### [Exercise goal]
Please give back only the lines below from the one containing "beekeeper with beehives" to the one containing "OFFCURVE Cordovan Leather", each repeated word for word, both ends included.

══ Information shown ══

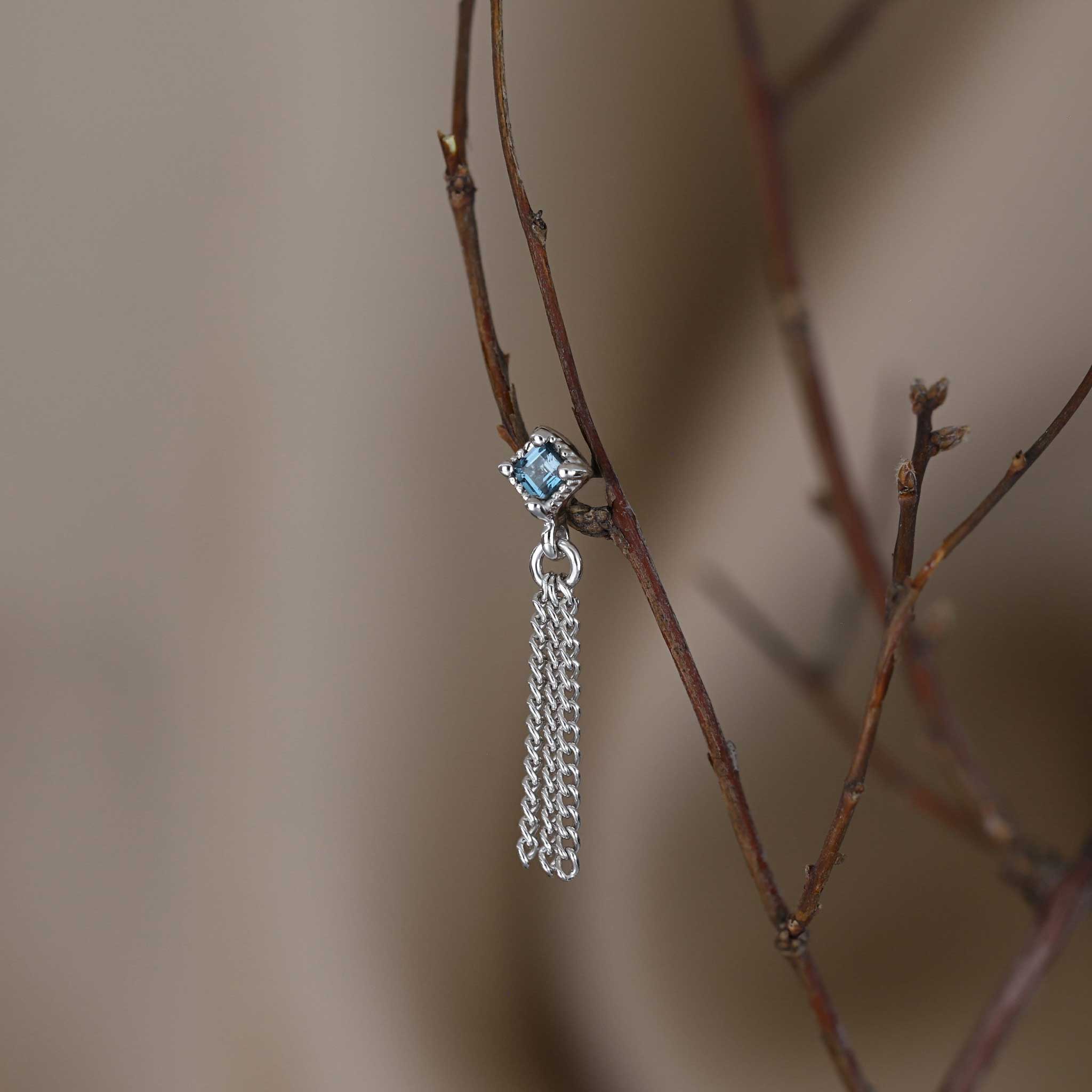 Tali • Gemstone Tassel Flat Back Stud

═══
══ Information shown ══

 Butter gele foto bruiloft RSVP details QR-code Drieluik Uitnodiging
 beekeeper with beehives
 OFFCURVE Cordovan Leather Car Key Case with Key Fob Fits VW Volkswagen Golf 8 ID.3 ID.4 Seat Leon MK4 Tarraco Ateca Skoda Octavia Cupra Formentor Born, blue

═══
══ Information shown ══

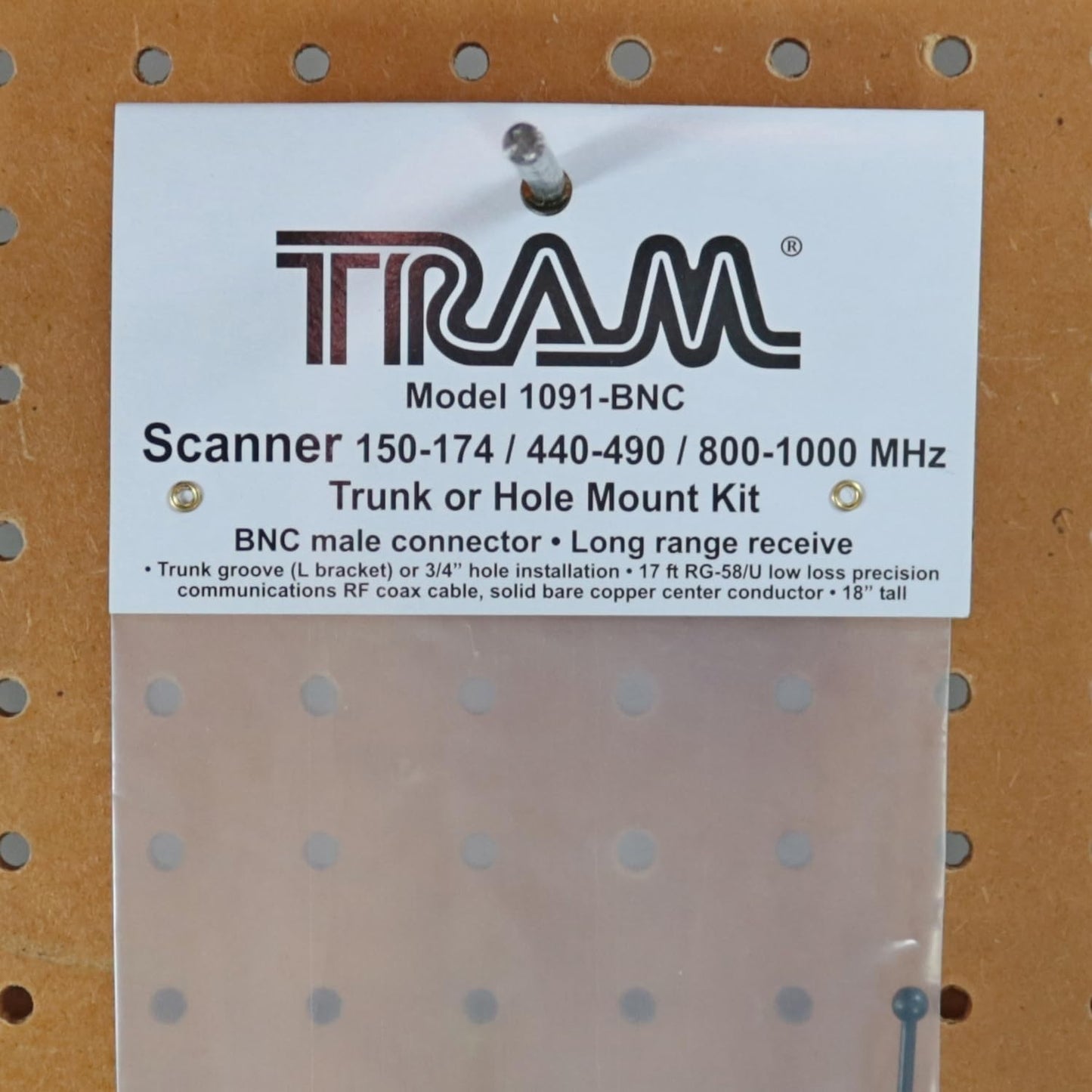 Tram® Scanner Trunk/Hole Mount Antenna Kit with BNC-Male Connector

═══

### [Response area]
 beekeeper with beehives
 OFFCURVE Cordovan Leather Car Key Case with Key Fob Fits VW Volkswagen Golf 8 ID.3 ID.4 Seat Leon MK4 Tarraco Ateca Skoda Octavia Cupra Formentor Born, blue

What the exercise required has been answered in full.